Researchers at Northwestern University developed an implant that may be able to relieve pain without the use of powerful drugs, possibly offering an alternative to addictive medications and opioids.
The first of its kind for pain relief dissolves when it’s no longer needed.
The research team is led by Professor John Rogers, who says the device works by delivering a cooling effect to specific peripheral nerves. This effect would then block pain signals to the brain.
“If you've ever been outdoors on a cold day without gloves on, you'll notice that your fingertips become kind of numb. You lose some sensation. What our device does is it exploits that basic mechanism,” Rogers said.
The dissolvable implant is still in the early stages of testing but could one day be used to help patients manage pain after surgery.
“You drop the device in at the end of that surgery just before the patient is sutured up and they're moved out of the operating room,” Rogers said. “Then it operates in a hospital setting, much like an IV bag would operate.”
The implant can be turned on and off and dialed up and down in real time. The device is then absorbed into the body when it’s no longer needed.

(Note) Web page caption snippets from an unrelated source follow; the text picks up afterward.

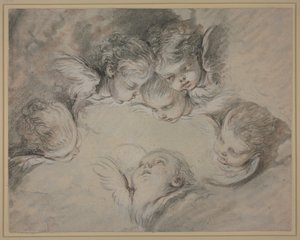 Sechs Engelskörper in Wolken von François Boucher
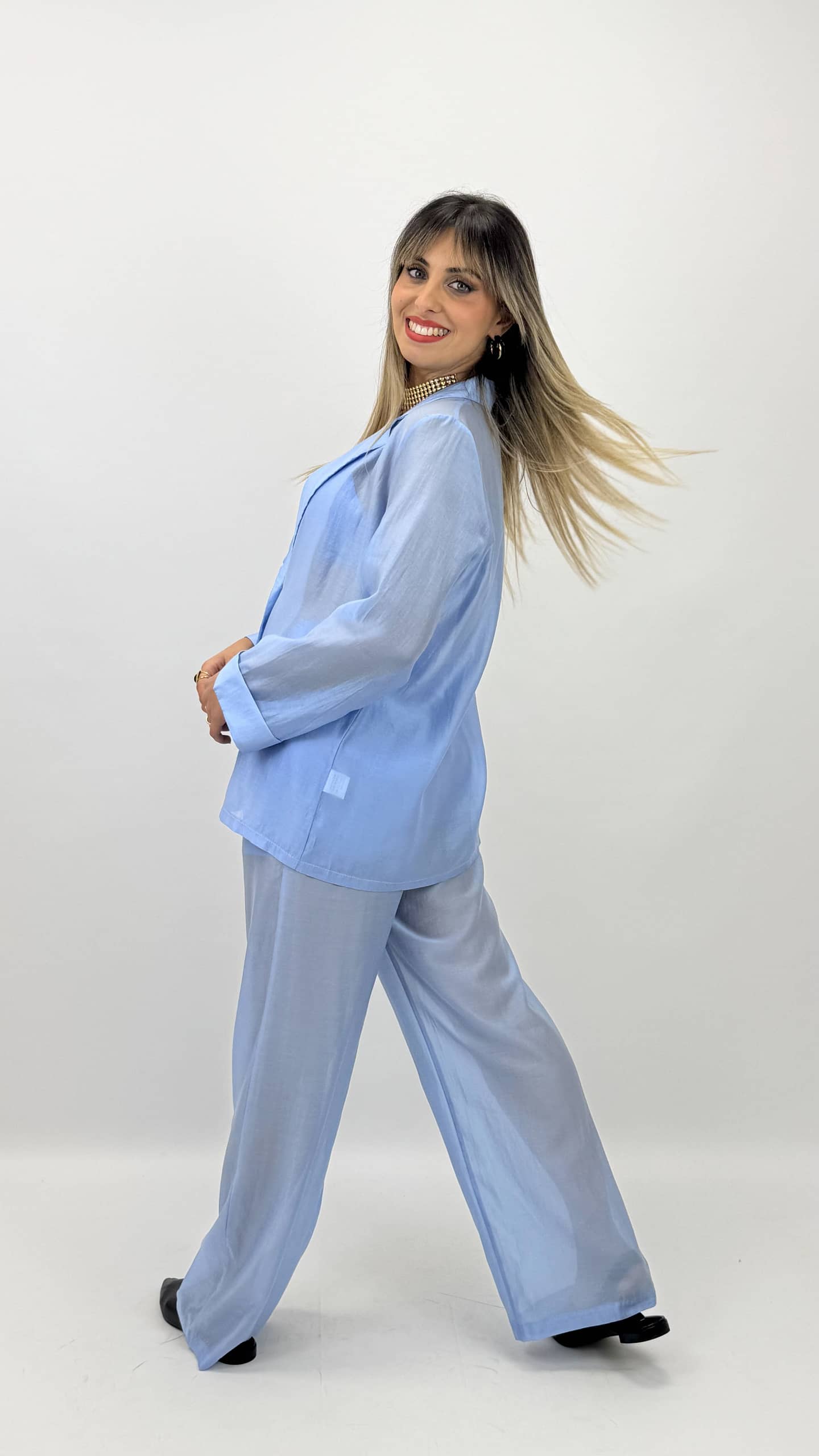 Conjunto 3 peças azul-bebé acetinado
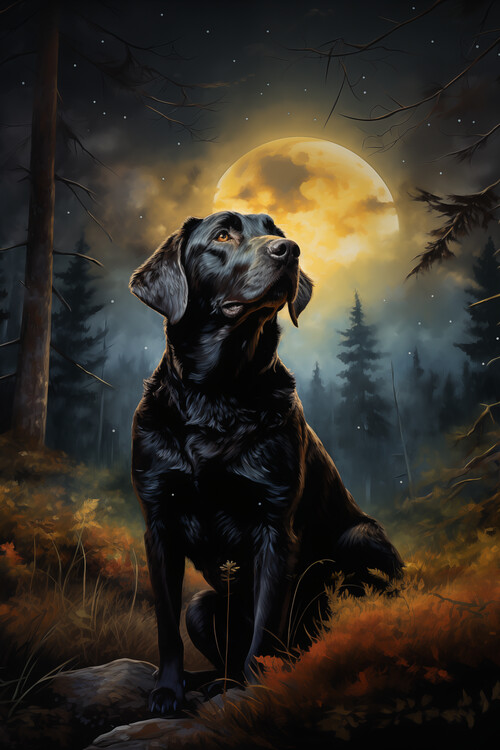 Poster Romantic Black Labrador retriever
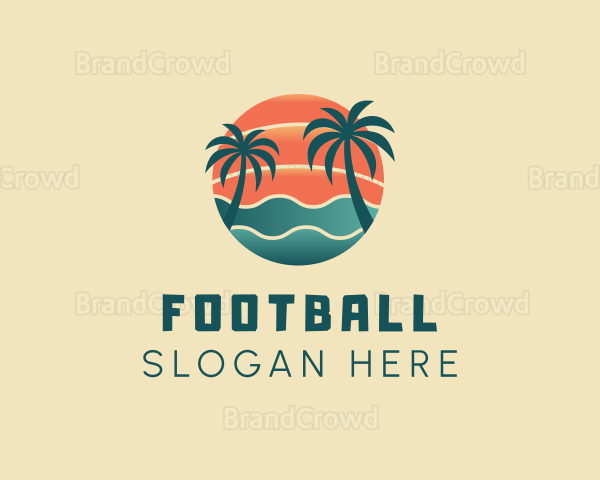 Hot Beach Palm Tree Summer Logo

The phenomenon is not something that is possible with a traditional drug-based approach, Rogers said.
“Much like a resolvable suture, the device is present for a clinically relevant operating period, but after that period of time has elapsed, the device just naturally dissolves and kind of melts away and disappears so that you don't need to go in and do a secondary surgery to extract that hardware back outside of the body,” Rogers said.
The implant has been tested successfully in rats with the findings recently published in the journal Science. The team plans to expand their research to test for side effects and understand the long-term biological impact of this type of treatment.
The clinical trials will soon begin testing on larger animals and eventually begin human trials.
The implant would be ideal for patients recovering from routine surgeries or amputations, the group that most often needs post-operative medications.
Rogers says the implant is still three to four years away from getting FDA approval and being used in hospitals, but he’s excited about the possibilities.
“This kind of approach could serve as a very powerful complement to drug-based treatments without the addictive side effects and other adverse consequences of the way that pain is managed today,” he said.